Your answer should be an exact copy of the lines from the start of the entries to the line containing "Fotos: La exaltación", both included.

GIVEN DATA:
↓↓↓
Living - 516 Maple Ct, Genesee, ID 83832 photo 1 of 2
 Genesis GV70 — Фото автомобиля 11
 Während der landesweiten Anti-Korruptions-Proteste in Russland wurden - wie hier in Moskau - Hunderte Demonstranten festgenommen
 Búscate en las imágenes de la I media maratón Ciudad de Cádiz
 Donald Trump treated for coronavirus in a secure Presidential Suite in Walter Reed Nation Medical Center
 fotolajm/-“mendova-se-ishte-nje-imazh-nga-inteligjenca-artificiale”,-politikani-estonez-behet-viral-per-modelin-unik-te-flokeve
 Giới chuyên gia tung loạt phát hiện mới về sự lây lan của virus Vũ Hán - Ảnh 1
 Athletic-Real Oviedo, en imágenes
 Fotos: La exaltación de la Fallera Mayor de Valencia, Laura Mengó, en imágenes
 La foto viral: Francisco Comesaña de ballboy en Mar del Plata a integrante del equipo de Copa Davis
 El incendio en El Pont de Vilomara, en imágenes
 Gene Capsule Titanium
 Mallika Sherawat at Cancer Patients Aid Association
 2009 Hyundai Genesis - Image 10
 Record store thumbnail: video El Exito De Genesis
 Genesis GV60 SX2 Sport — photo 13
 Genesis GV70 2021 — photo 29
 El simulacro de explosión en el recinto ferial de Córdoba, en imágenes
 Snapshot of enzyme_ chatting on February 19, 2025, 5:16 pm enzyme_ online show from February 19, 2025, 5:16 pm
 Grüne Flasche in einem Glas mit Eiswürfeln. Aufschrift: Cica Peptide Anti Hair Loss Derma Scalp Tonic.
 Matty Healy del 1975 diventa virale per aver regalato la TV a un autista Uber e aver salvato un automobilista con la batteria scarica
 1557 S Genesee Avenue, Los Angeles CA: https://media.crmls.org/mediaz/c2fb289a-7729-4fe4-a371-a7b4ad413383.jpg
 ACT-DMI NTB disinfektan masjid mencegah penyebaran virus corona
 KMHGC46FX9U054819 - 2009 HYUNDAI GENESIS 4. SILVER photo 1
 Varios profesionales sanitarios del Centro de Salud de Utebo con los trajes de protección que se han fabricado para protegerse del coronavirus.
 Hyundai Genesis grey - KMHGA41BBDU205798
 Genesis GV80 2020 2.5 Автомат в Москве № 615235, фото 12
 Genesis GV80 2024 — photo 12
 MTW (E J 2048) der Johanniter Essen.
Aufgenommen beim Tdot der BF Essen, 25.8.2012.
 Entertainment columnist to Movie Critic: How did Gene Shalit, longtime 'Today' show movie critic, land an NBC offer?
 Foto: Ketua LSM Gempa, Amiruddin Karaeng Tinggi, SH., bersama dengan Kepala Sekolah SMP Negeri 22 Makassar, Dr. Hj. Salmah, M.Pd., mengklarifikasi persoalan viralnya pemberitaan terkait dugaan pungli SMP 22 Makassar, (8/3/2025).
↑↑↑
RESPONSE TO THIS EXERCISE:
Living - 516 Maple Ct, Genesee, ID 83832 photo 1 of 2
 Genesis GV70 — Фото автомобиля 11
 Während der landesweiten Anti-Korruptions-Proteste in Russland wurden - wie hier in Moskau - Hunderte Demonstranten festgenommen
 Búscate en las imágenes de la I media maratón Ciudad de Cádiz
 Donald Trump treated for coronavirus in a secure Presidential Suite in Walter Reed Nation Medical Center
 fotolajm/-“mendova-se-ishte-nje-imazh-nga-inteligjenca-artificiale”,-politikani-estonez-behet-viral-per-modelin-unik-te-flokeve
 Giới chuyên gia tung loạt phát hiện mới về sự lây lan của virus Vũ Hán - Ảnh 1
 Athletic-Real Oviedo, en imágenes
 Fotos: La exaltación de la Fallera Mayor de Valencia, Laura Mengó, en imágenes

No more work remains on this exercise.